I read the list of new submissions to CPAN on a daily basis. I have found it impossible to get authors to add related modules to the SEE ALSO section of their docs. Sometimes they don't respond. Sometimes it is egotism. Sometimes I just don't know. But the bottom line is that there are a lot of modules related to each other that people don't know about.

The ideal solution would be to cobble up a database and render HTML from that , but i am too lazy to do it.

Also, one needs to distinguish between

plain jane lists of modules
Here is my list of modules for lazy loading. It is nothing but a list, with no attempt to feature-compare. Ok, there's a bit of feature-comparison, because I draw a line between modules which only do lazy loading and modules which offer lazy-loading as part of a larger functionality-base.
lists which make comparisons of features
Here is where simonm makes a feature comparison of various DBI wrappers. It is an example of not just blindly listing things, but attempting to make a comparison of them.

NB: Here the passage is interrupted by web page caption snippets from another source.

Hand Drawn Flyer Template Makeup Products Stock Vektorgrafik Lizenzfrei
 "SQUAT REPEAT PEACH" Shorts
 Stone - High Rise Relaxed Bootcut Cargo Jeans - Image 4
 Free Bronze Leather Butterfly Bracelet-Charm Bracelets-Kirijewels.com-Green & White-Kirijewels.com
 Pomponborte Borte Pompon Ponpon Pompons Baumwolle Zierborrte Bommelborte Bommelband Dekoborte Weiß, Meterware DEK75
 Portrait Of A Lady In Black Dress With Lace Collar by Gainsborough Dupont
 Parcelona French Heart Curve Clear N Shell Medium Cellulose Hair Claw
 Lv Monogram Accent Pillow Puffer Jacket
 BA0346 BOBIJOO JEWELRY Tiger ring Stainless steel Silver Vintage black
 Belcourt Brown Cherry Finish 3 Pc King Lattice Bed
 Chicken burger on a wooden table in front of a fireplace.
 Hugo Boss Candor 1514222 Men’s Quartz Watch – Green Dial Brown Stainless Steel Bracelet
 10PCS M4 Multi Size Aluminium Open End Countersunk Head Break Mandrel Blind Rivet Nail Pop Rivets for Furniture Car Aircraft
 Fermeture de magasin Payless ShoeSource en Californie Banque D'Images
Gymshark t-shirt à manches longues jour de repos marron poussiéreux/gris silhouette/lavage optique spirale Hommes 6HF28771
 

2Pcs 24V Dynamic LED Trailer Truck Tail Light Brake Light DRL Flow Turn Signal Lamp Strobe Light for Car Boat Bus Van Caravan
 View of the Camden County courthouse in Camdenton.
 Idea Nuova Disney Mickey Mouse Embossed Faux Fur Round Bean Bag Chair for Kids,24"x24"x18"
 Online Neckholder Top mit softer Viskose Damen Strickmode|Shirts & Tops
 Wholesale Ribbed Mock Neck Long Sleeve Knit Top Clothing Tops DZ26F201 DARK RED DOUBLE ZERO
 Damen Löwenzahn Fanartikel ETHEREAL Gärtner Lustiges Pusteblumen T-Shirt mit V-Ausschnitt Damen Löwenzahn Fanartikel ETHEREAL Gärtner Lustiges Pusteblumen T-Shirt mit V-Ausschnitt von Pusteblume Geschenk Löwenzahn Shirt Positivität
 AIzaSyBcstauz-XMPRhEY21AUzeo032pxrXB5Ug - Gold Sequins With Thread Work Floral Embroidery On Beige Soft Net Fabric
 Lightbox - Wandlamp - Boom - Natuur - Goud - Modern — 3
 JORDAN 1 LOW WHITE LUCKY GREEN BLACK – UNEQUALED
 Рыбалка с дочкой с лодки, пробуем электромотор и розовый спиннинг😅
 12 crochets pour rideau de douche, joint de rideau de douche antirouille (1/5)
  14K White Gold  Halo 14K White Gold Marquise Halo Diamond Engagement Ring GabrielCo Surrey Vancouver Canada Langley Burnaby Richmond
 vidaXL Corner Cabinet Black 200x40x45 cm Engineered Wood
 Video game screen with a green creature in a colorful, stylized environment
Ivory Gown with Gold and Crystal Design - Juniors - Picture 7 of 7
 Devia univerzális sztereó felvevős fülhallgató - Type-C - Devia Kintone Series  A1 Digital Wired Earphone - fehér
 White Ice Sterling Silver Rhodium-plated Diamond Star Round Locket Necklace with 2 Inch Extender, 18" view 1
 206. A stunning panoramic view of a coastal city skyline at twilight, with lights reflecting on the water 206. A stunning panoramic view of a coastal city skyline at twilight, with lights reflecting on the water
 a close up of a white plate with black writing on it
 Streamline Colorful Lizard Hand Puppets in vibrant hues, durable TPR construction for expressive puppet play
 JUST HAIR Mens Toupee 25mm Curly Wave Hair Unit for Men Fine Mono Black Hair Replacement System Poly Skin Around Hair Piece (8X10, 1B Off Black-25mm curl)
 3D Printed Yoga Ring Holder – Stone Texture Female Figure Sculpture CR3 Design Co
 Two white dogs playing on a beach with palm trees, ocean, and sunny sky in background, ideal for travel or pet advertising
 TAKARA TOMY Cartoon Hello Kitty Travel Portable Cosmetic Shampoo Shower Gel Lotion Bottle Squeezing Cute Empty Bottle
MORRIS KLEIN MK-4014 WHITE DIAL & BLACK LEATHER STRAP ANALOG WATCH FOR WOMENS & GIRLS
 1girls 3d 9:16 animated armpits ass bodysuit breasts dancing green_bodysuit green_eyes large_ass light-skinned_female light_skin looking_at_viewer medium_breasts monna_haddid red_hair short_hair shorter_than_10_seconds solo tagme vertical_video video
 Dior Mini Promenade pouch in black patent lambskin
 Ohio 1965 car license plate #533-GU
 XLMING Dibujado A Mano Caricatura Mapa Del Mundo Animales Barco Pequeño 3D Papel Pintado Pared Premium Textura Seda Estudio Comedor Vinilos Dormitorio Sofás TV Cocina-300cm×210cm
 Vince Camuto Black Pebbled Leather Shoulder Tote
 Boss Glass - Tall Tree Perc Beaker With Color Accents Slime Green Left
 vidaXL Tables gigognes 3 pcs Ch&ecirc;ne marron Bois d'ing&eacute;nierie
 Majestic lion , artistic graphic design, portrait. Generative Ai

We can probably also place choosing a templating system by perrin in this category

Aristotle's A brief survey of the DBI usability layer modules on the CPAN also falls into this category. as well as tphyahoo's survey of surveys of templating systems

reviews based on use cases.
These are usually submitted to the Perl conference or YAPC::NA. They are very useful but time-consuming. for example, I have developed DBIx::Recordset::Playground which gives runnable code sampls for using DBIx::Recordset, but I cant imagine getting the work for 3 or 4 related modules done as well. I was happy in a thread I created long ago to have autarch submit some Alzabo code to compare with how other DBI wrappers would do the same thing.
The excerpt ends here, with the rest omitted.